At the end of the first or second day I got into bed and chatted briefly with Laetitia, as we hadn’t had the chance to talk about anything much that day, and I may have glanced at my book, possibly even read a few lines, and realised my heart wasn’t in it and I wouldn’t be reading – not reading properly anyway – that night. It was a sad thing to acknowledge. At the harmless, almost unnoticed end of the sad continuum admittedly, but sad nonetheless. It was too late and I was too tired and my book didn’t seem enticing enough to have a proper go at. So I closed it up and placed it on the little pile next to my lamp, and I put on my eye mask and turned in.

It was a bereaved kind of sad – empty – and I realised the loss of something was being mourned. Almost bodily mourned, but sadly missed in the brain and the mind too, and I knew what it was and it made me think of a PE teacher we had at school and his memory made it clearer.

His name wasn’t Jezza, but we called him Jezza, and although he was obsessed by doing weights and by fitness and sport – we liked sport too, but he was obsessed – he was a good bloke with a really compassionate streak, which I saw once or twice, and although not very intelligent he was excellent company and everyone loved him. He was telling us once about people like him, people who train (lift weights, run around a lot, maybe swim) every day, and how when those people miss a session they feel really bad about it. This sort of person is apt to feel cranky or otherwise irritable if they haven’t done their session in the morning (they mostly excise in the morning) because something has come up and they had to do that instead of exercise (they aren’t the kind of people to miss a session because they didn’t feel like it or it was too cold). In the bodily activity sense certain hormones have been denied their expected release, or something, when one breaks one’s exercise routine, but I think the lesson is more broadly applicable, and I have never forgotten it.
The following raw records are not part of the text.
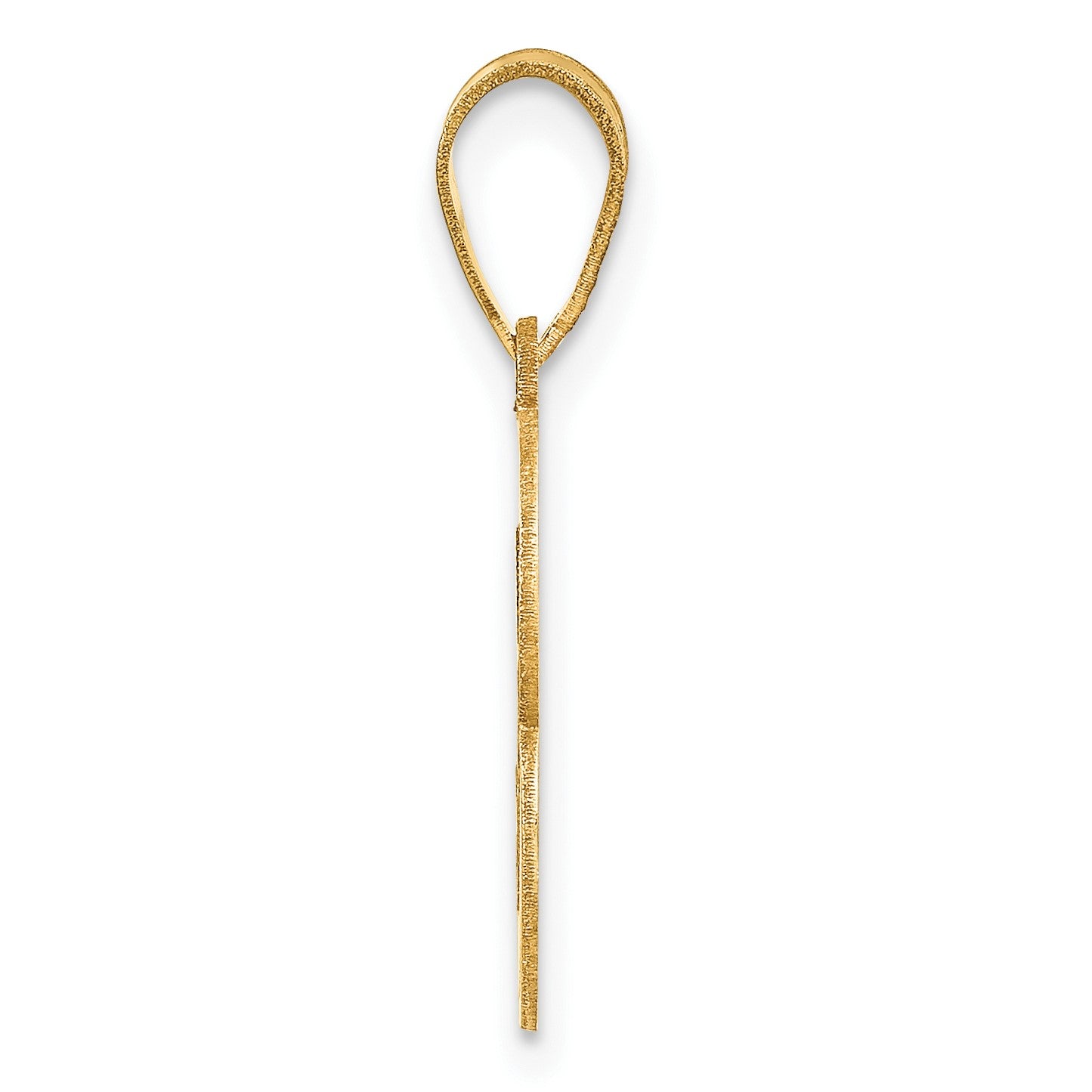 14k Brushed Border Script Number 3 Pendant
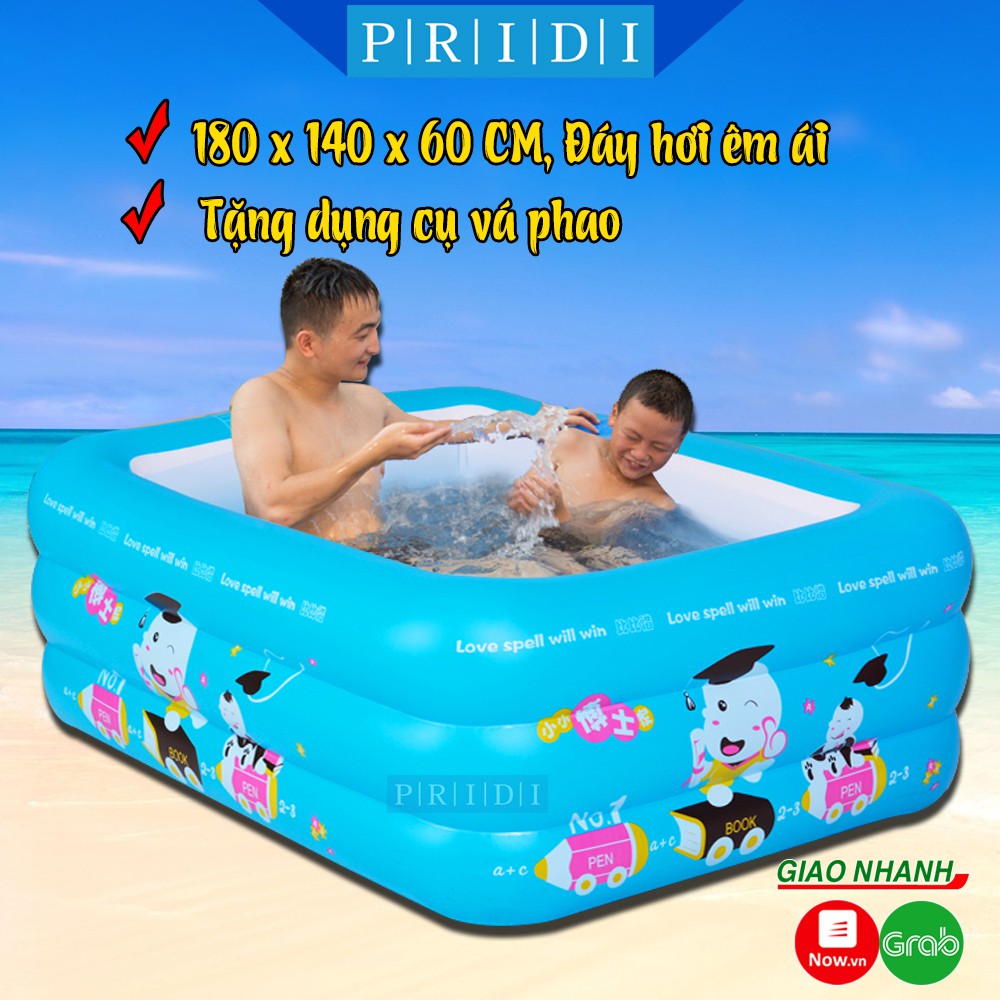 Hồ Bơi Cho Bé 3 Tầng 1m80 (Màu Xanh) Loại Dày - Hồ Bơi Trẻ Em Loại Lớn, Bể Bơi Phao Bơi Cho Bé Tại Nhà PRIDI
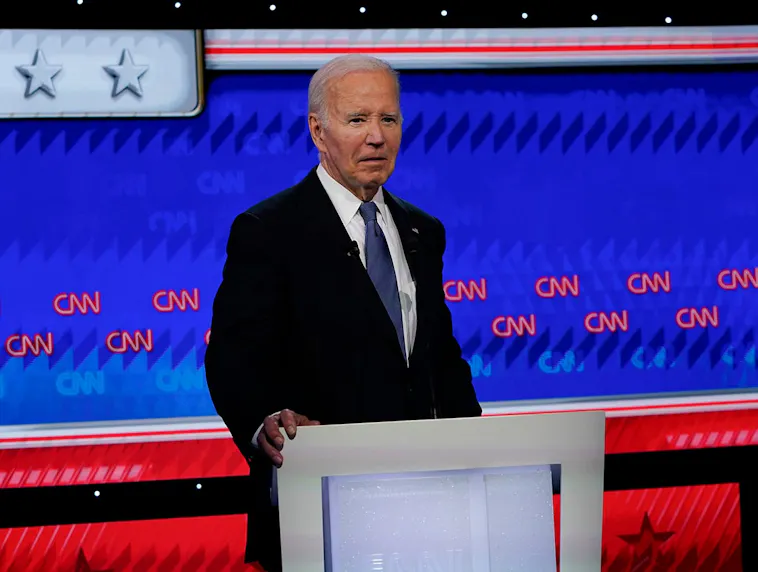 President Joe Biden during the debate as we look at Joe Biden's presidential election odds.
When I am denied the opportunity to read on the train I don’t like it at all, and it has been known to make me angry. Fed up, frustrated angry, but still angry, still annoyed that I was denied time inside the book and beneath the page and sharing the author’s thoughts. Denial of what I wanted, rather than needed, perhaps, but I don’t know – it feels to me like my mind needs to be taken for a walk and it doesn’t respond well to neglect. Without reading there is only the awful detail of existence; with reading you are at home in a comfy chair with Bach playing and something refreshing in a glass, even when you’re far from home and surrounded by strangers with questionable personal habits on a train. It is a comfort and a release.

But the extra realisation I attained in this period of full agendas and shuffling morning walks up the street to the office was about what I’m doing now. I realised that when I couldn’t write it made me feel spiritually unsatisfied. It was the final blow on top of reading’s absence, but it was an absence in itself. A noticed hole or gap: the lack of something acting like something that was not lacking, like something present and causing a ripple of reactions.  And while I don’t write absolutely every night, and don’t write something very good very often, the full implications of what it means to not be allowed to write at all struck me almost a physical blow. The enormity of being without writing is as serious as being without reading, and this is now obvious to me and I must not forget it.